In: Statistics and Probability
Two different forecasting techniques (F1 and F2) were used to forecast demand for cases of bottled water. Actual demand and the two sets of forecasts are as follows: PREDICTED DEMAND Period Demand F1 F2 1 68 67 65 2 75 67 66 3 70 73 70 4 74 69 69 5 69 72 72 6 72 66 73 7 80 70 75 8 78 77 81 a. Compute MAD for each set of forecasts. Given your results, which forecast appears to be more accurate? (Round your answers to 2 decimal place.) MAD F1 MAD F2 appears to be more accurate. b. Compute the MSE for each set of forecasts. Given your results, which forecast appears to be more accurate? (Round your answers to 2 decimal places.) MSE F1 MSE F2 appears to be more accurate. c. In practice, either MAD or MSE would be employed to compute forecast errors. What factors might lead a manager to choose one rather than the other? Either one might already be in use, familiar to users, and have past values for comparison.
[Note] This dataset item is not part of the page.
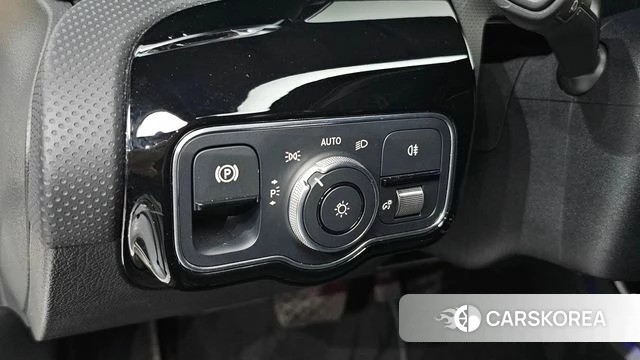 Mercedes-Benz A-Class W177 id 5017865 из Кореи 10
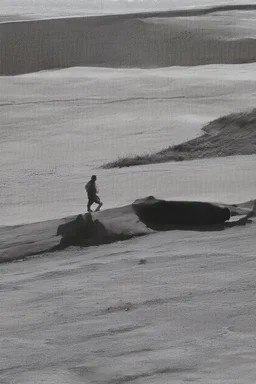 shunted to the edge of your own life; Post-Modernism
If are used, MSE would be natural; if are used, MAD would be more natural. d. Compute MAPE for each data set. Which forecast appears to be more accurate? (Round your intermediate calculations to 2 decimal places and and final answers to 2 decimal places.) MAPE F1 MAPE F2 appears to be more accurate.
ANSWER:
Given that,
a)
Period | Demand | F1 | E | |e| | e2 | (|e|/actual)x100 |
1 | 68 | 67 | 1 | 1 | 1 | 1.5 |
2 | 75 | 67 | 8 | 8 | 64 | 10.7 |
3 | 70 | 73 | -3 | 3 | 9 | 4.3 |
4 | 74 | 69 | 5 | 5 | 25 | 6.8 |
5 | 69 | 72 | -3 | 3 | 9 | 4.3 |
6 | 72 | 66 | 6 | 6 | 36 | 8.3 |
7 | 80 | 70 | 10 | 10 | 100 | 12.5 |
8 | 78 | 77 | 1 | 1 | 1 | 1.3 |
586 | 37 | 245 | 49.6 |
Period | Demand | F2 | E | |e| | e2 | (|e|/actual)x100 |
1 | 68 | 65 | 3 | 3 | 9 | 4.4 |
2 | 75 | 66 | 9 | 9 | 81 | 12.0 |
3 | 70 | 70 | 0 | 0 | 0 | 0.0 |
4 | 74 | 69 | 5 | 5 | 25 | 6.8 |
5 | 69 | 72 | -3 | 3 | 9 | 4.3 |
6 | 72 | 73 | -1 | 1 | 1 | 1.4 |
7 | 80 | 75 | 5 | 5 | 25 | 6.3 |
8 | 78 | 81 | -3 | 3 | 9 | 3.8 |
586 | 29 | 159 | 39.0 |
MAD = |Actual - Forecast| / n
MADF1 = 37/8 = 4.625
MADF2 = 29/8 = 3.625
F2 forecast results appears to be more accurate because MAD model gives less error than F1.
b)
MSE = |Actual - Forecast|2 / (n-1)
MSEF1 = 245 / 7 = 35.00
MSEF2 = 159 / 7 = 22.71
F2 forecast results appears to be more accurate because MSE model gives less error than F1.
c)
MSE, as it squares the error term , mathematically "punishes" the forecast with larger errors (hence more incorrect). MSE is more sensitive measure of accuracy when considering the size of the deviation from actual demand. Both MAD and MSE are good and valid measures of forecast accuracy.
d)
MAPE =( (|Actual - Forecast| / actual) x 100) / n
MAPEF1 = 49.6 / 8 = 6.21
MAPEF2 = 39 / 8 = 4.87
F2 forecast results appears to be more accurate because MAPE model gives less error than F1.